RECORDS SHOWN Block Start

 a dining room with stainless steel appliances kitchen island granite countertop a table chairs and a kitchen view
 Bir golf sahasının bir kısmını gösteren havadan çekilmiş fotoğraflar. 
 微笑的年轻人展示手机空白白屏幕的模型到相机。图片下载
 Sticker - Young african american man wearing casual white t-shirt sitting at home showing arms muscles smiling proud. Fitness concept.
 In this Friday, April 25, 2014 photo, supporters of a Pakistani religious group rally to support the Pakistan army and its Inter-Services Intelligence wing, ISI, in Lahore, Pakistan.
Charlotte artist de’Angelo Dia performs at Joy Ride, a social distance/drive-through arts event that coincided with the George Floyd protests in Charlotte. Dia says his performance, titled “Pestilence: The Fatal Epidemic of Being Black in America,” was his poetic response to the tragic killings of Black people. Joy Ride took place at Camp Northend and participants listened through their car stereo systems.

RECORDS SHOWN Block End
RECORDS SHOWN Block Start

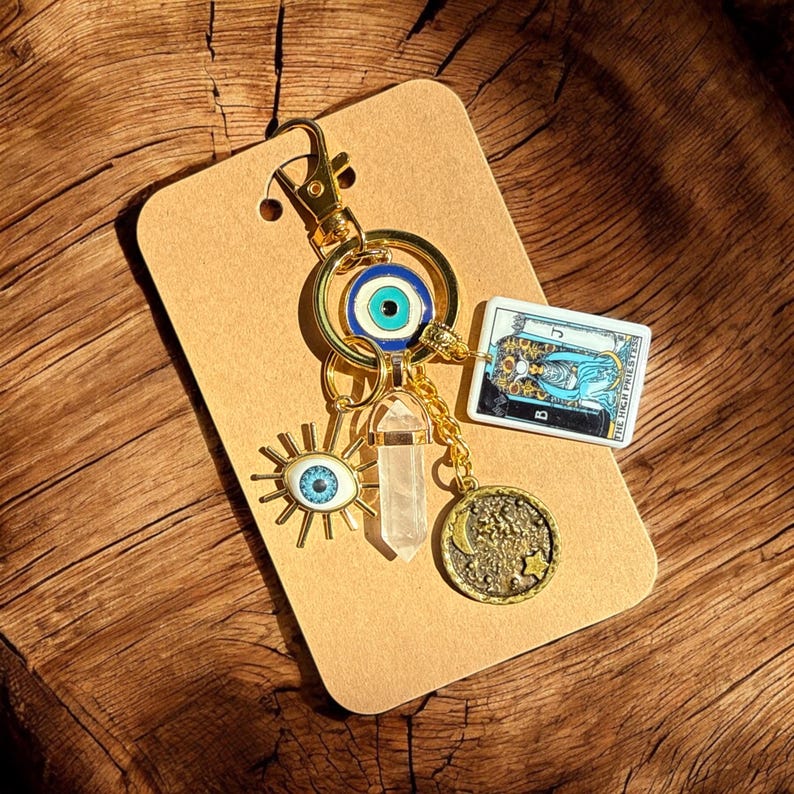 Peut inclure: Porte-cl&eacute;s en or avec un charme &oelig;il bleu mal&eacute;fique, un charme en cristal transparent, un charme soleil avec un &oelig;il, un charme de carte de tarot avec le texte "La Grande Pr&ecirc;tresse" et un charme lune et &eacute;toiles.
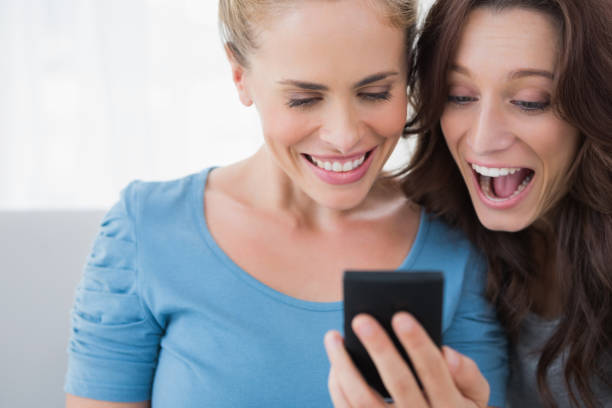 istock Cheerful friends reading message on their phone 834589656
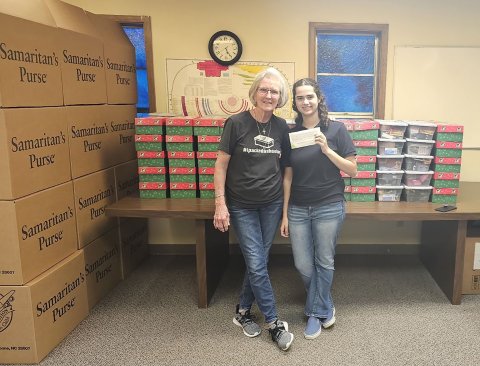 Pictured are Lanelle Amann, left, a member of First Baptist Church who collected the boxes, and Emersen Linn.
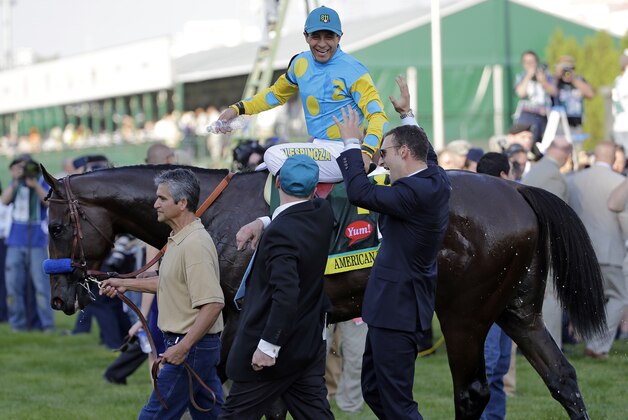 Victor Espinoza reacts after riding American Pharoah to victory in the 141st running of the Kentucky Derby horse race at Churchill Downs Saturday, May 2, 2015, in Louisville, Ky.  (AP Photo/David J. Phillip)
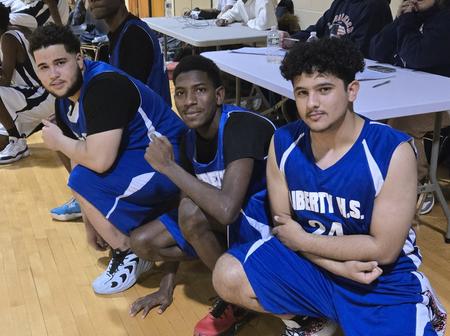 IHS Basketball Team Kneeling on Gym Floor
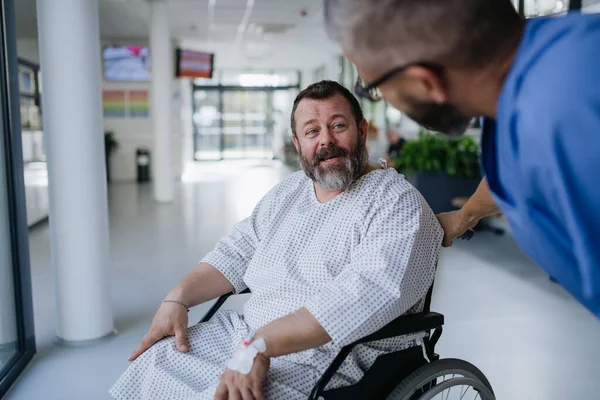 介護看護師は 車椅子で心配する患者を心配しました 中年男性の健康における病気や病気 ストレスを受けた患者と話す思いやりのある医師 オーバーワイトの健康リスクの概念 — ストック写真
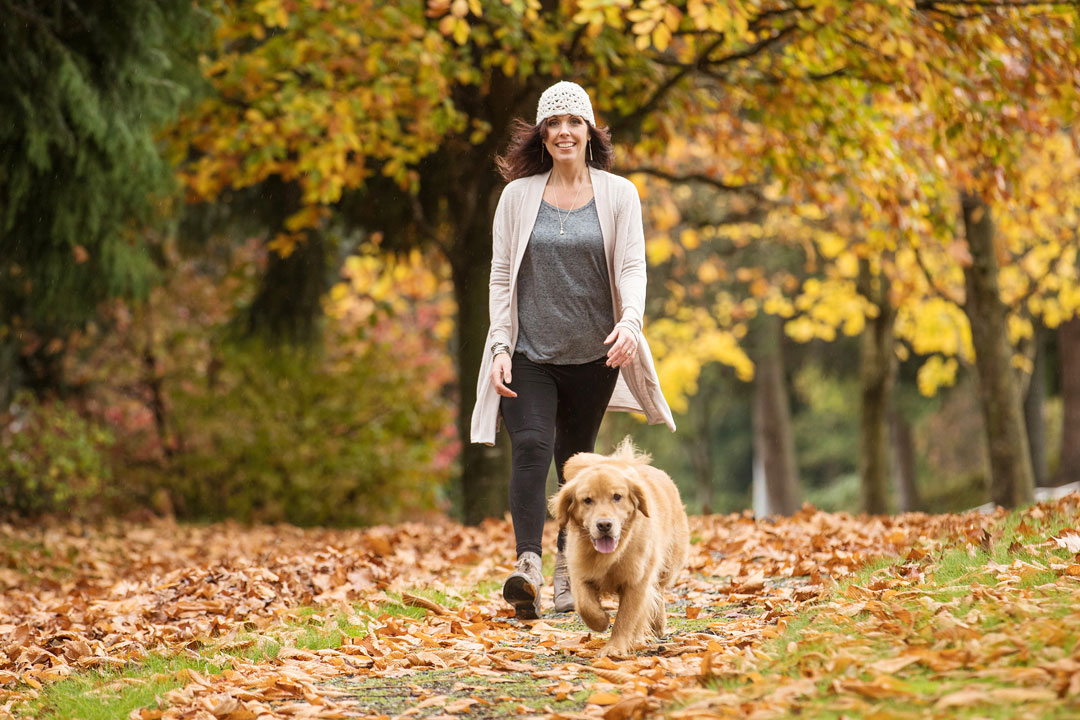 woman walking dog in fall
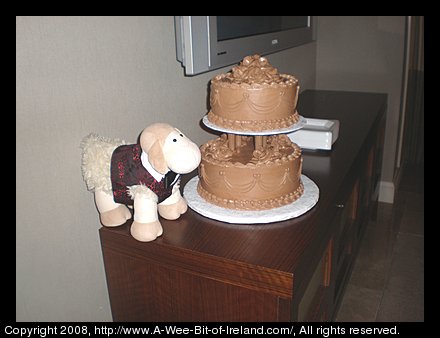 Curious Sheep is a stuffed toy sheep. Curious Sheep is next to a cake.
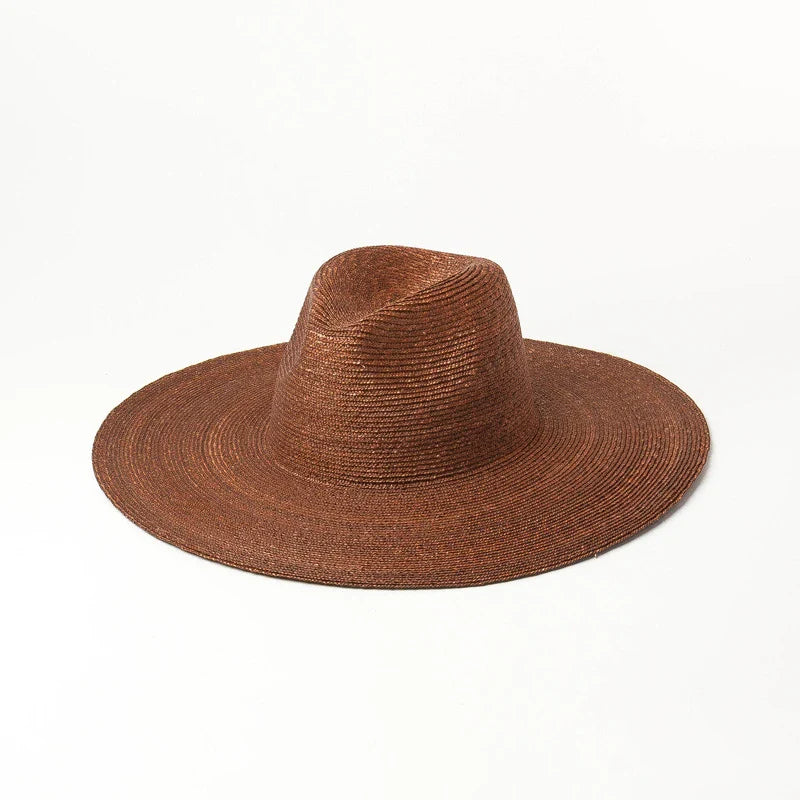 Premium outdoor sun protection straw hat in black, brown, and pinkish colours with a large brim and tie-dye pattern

RECORDS SHOWN Block End

* PROBLEM STATEMENT: Only the lines above starting at the one containing "Sticker - Young" and ending at the one containing "In this Friday, April", both included, are to be returned, exactly as they read.

* RESPONSE TO THE TASK:
 Sticker - Young african american man wearing casual white t-shirt sitting at home showing arms muscles smiling proud. Fitness concept.
 In this Friday, April 25, 2014 photo, supporters of a Pakistani religious group rally to support the Pakistan army and its Inter-Services Intelligence wing, ISI, in Lahore, Pakistan.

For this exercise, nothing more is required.